It’s always a good idea to ask yourself how much of your personal life do you feel comfortable sharing at work? Sometimes the better question to ask is, how much of your personal life do your co-workers want to hear? With increasing work hours and information sharing on social media, the line between your personal life and your work life gets thinner every day.
However, managing how your personal life bleeds into your work life can benefit your career by relieving some of the anxiety and stress you have at balancing your two worlds. Having healthy relationships at work can help you stay focused and excited about work, and can also be a strong support system for you when your personal life is challenging. Here is some advice on how to best handle personal situations with your circle at work.

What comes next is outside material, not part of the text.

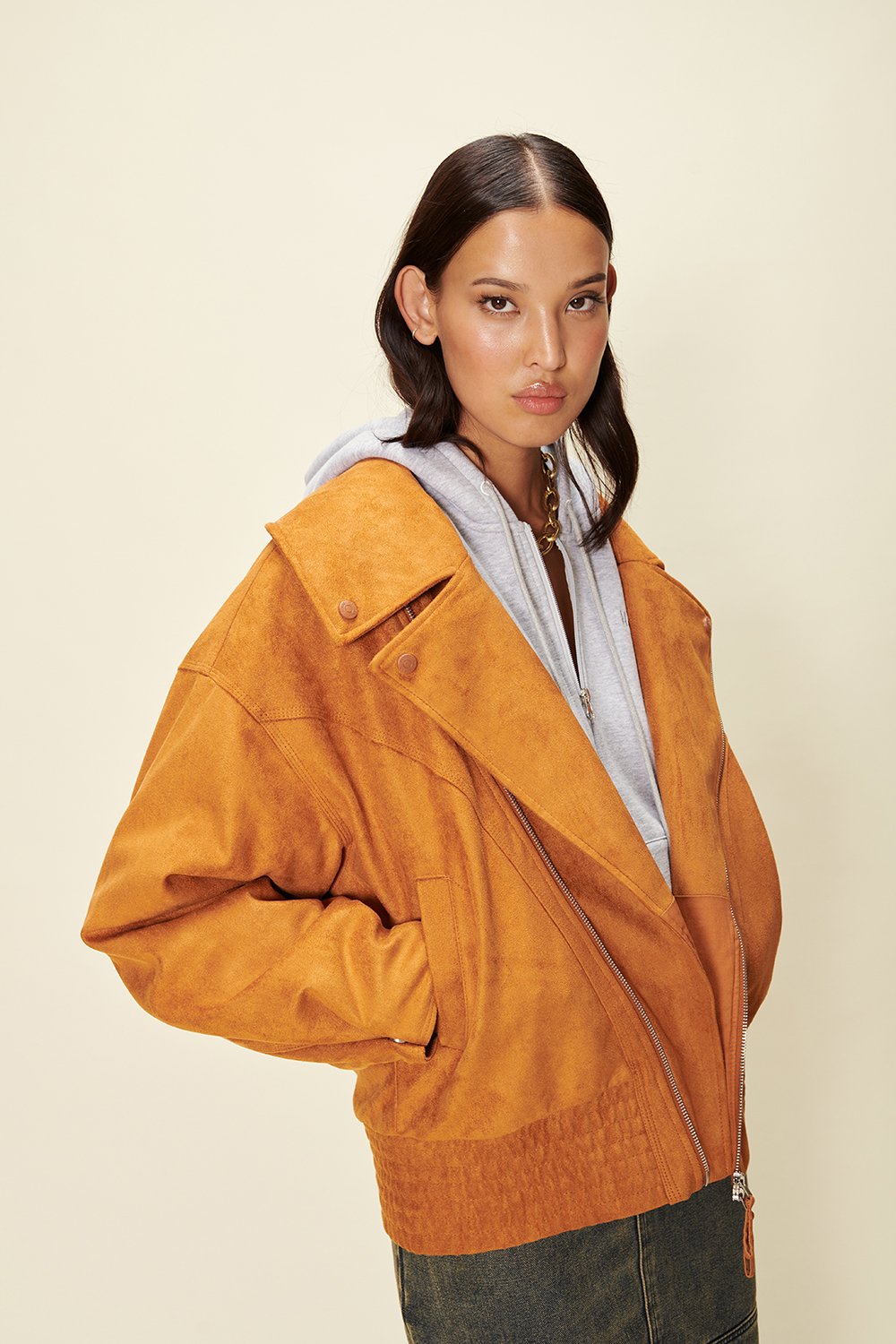 House of Sunny The Hybrid Jacket - Tobacco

While you may want to keep a personal struggle secret from your manager, informing them on some level clears up any suspicions about why you are out of the office or seem distracted, and may make it easier to work out a solution if you need time away from the office. You don’t need to go into detail, but it’s best to give a general statement about the type of struggle you are going through and the amount of time you think it will take to resolve it. For example, if you are going through a divorce, you don’t need to divulge relationship details, financial situations, or living arrangements, but you can say that you are going through a divorce and you expect it to be resolved within the next six months. Be honest that you may be taking scheduled time off for appointments with lawyers and court dates. While you may not want to share this with your manager, it’s best to be upfront about a situation that may result in needing time away from work so that your manager can help make that run smoothly for you. Sometimes keeping things too private can create more stress in your life, so when possible, share a very general bit of information to take away any assumptions.
Hopefully, you’ve got at least one person at work that you consider a true friend, someone you spend time with outside of work and have developed trust with. If you feel comfortable, ask that person to go to lunch or meet up outside of work hours to share your situation. It can help to know you have a confidant at work that understands where you are coming from. For example, if you are struggling with caring for an aging parent it may be nice for you to have someone you see regularly that can lend you support and encouragement.
While your co-workers may enjoy working with you, they are typically not on board for serving as your support system nor are they interested in all the details of your life. It can make things awkward for others if you share too much personal information. People like boundaries. Co-workers may notice you are distracted or taking extra time away from work, if you want to squelch natural curiosity and the rumor mill, share a general statement like, “I’ve got some health screenings I need to have done in the next month.” Or say “I am working on solving challenges with my son’s learning abilities; I’ll be out for a few appointments.” You shouldn’t feel any pressure to give away any details, but if you are under personal stress, you may need to share something to give people some perspective on what you are managing.
In closing, make sure you consider your social media profile and how that information may get shared with co-workers. With privacy settings changing and comments being shared among multiple lines of connections, it’s possible something you’ve tried to keep private from work could be shared inadvertently. If you want to keep something private, its best to keep it off social networks, no matter how private you think your account settings are.